Task to carry out:
Below is a listing. Set down exactly the lines from the one containing "AD2044 — 39mm GMT Quartz Diver" through the one containing "Şehvetli kadın gölgesi", both ends included, and leave out the rest.

--*--

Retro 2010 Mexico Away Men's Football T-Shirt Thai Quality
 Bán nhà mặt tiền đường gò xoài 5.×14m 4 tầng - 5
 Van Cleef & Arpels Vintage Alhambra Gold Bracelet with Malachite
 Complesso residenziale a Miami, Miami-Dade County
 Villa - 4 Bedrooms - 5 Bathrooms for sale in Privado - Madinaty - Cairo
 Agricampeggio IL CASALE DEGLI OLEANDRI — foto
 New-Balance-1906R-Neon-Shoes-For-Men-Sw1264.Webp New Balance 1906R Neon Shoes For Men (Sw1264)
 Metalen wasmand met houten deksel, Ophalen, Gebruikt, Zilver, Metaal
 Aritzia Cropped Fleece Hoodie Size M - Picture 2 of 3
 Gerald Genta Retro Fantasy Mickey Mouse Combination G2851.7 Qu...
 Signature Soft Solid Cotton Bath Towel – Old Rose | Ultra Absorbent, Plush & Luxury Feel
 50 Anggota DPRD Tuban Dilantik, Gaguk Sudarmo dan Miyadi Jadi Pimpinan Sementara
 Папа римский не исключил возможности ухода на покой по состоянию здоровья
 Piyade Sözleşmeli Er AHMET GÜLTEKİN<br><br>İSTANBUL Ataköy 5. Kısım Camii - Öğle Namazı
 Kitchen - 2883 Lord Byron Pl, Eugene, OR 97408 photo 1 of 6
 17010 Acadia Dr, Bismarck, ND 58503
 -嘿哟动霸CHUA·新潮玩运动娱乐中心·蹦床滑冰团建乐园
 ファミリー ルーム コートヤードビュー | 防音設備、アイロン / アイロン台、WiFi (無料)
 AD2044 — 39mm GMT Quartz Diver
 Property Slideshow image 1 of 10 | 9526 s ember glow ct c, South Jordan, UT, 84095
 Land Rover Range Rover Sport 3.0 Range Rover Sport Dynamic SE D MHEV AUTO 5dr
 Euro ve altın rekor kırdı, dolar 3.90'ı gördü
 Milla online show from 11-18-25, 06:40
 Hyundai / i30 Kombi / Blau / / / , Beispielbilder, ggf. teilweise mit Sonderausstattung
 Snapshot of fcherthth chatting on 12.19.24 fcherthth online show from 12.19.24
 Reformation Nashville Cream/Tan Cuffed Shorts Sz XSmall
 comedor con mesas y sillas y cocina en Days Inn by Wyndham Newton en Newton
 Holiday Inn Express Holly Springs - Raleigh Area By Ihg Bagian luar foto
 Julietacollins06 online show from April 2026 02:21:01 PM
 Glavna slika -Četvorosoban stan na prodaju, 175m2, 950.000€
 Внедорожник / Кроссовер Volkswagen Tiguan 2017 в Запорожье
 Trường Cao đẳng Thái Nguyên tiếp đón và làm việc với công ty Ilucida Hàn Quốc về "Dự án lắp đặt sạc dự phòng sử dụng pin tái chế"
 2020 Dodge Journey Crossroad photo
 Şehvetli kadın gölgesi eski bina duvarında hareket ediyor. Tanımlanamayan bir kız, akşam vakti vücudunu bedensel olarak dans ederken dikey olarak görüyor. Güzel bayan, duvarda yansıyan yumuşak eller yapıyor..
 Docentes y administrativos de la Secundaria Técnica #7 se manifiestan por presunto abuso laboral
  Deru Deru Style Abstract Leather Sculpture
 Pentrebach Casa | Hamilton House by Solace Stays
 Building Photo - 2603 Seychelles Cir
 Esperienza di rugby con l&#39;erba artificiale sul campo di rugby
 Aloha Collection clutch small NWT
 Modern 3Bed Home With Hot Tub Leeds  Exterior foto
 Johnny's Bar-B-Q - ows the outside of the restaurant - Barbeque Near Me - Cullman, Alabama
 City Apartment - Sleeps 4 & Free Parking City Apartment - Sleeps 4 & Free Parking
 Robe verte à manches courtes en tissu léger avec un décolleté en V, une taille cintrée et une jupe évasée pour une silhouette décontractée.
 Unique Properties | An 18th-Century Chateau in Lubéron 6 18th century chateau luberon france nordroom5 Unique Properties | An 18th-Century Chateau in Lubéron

--*--

Problem solution:
 AD2044 — 39mm GMT Quartz Diver
 Property Slideshow image 1 of 10 | 9526 s ember glow ct c, South Jordan, UT, 84095
 Land Rover Range Rover Sport 3.0 Range Rover Sport Dynamic SE D MHEV AUTO 5dr
 Euro ve altın rekor kırdı, dolar 3.90'ı gördü
 Milla online show from 11-18-25, 06:40
 Hyundai / i30 Kombi / Blau / / / , Beispielbilder, ggf. teilweise mit Sonderausstattung
 Snapshot of fcherthth chatting on 12.19.24 fcherthth online show from 12.19.24
 Reformation Nashville Cream/Tan Cuffed Shorts Sz XSmall
 comedor con mesas y sillas y cocina en Days Inn by Wyndham Newton en Newton
 Holiday Inn Express Holly Springs - Raleigh Area By Ihg Bagian luar foto
 Julietacollins06 online show from April 2026 02:21:01 PM
 Glavna slika -Četvorosoban stan na prodaju, 175m2, 950.000€
 Внедорожник / Кроссовер Volkswagen Tiguan 2017 в Запорожье
 Trường Cao đẳng Thái Nguyên tiếp đón và làm việc với công ty Ilucida Hàn Quốc về "Dự án lắp đặt sạc dự phòng sử dụng pin tái chế"
 2020 Dodge Journey Crossroad photo
 Şehvetli kadın gölgesi eski bina duvarında hareket ediyor. Tanımlanamayan bir kız, akşam vakti vücudunu bedensel olarak dans ederken dikey olarak görüyor. Güzel bayan, duvarda yansıyan yumuşak eller yapıyor..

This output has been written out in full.